Examples of Data Workflows
The following are some common example cases where data workflows are implemented.
- Data warehousing and reporting: Data is extracted from multiple sources, such as databases, files, and web services, and is loaded into a data warehouse. The data is then transformed and cleaned, and is used to create reports and dashboards for business intelligence and decision making.
- Social media sentiment analysis: Data is extracted from social media platforms, such as Twitter and Facebook, using APIs. The data is then cleaned and transformed, and is used to perform sentiment analysis, such as identifying the overall sentiment of posts about a particular topic or brand.
- Fraud detection: Data is extracted from financial transactions, such as credit card transactions, and is used to detect patterns of fraudulent activity. The data is first cleaned and transformed, and is then analyzed using machine learning algorithms to identify potential fraud.

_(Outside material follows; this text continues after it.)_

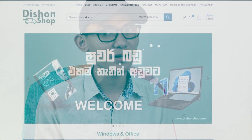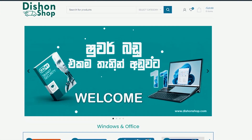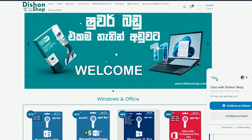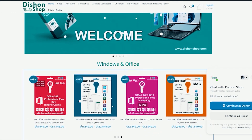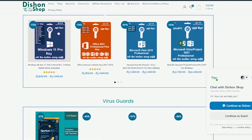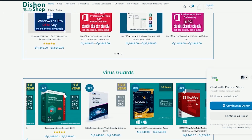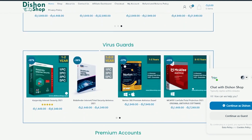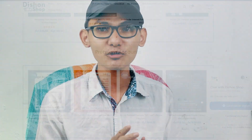In this video, we are going to get a promotion from Dishon Shopping, Windows, Office, and Premium Shopping. We can also get a lot of information on this site. You can also get a lot of information on Facebook — millions, billions of Facebook users.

- E-commerce product recommendations: Data is extracted from customer browsing and purchase history, and is used to recommend products to customers. The data is first cleaned and transformed, and is then analyzed using collaborative filtering or matrix factorization to generate recommendations.

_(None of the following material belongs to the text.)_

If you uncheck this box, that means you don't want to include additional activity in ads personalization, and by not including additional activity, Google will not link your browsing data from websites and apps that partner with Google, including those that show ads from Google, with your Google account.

- Healthcare data analysis: Data is extracted from electronic health records, such as patient information and lab results, and is used to analyze patient outcomes and identify potential health risks. The data is first cleaned and transformed, and is then analyzed using statistical analysis and machine learning.
- Weather forecasting: Data is extracted from weather sensors, such as temperature, pressure and humidity, and is used to forecast the weather. The data is cleaned, transformed and then analyzed using numerical methods and models to generate weather forecasts.
- Image processing: Data is extracted from images using computer vision techniques, such as object detection and image segmentation, and is used to extract information from the images. The data is first cleaned and transformed, and is then analyzed to extract information, such as identifying objects in a photo or detecting facial expressions in a video.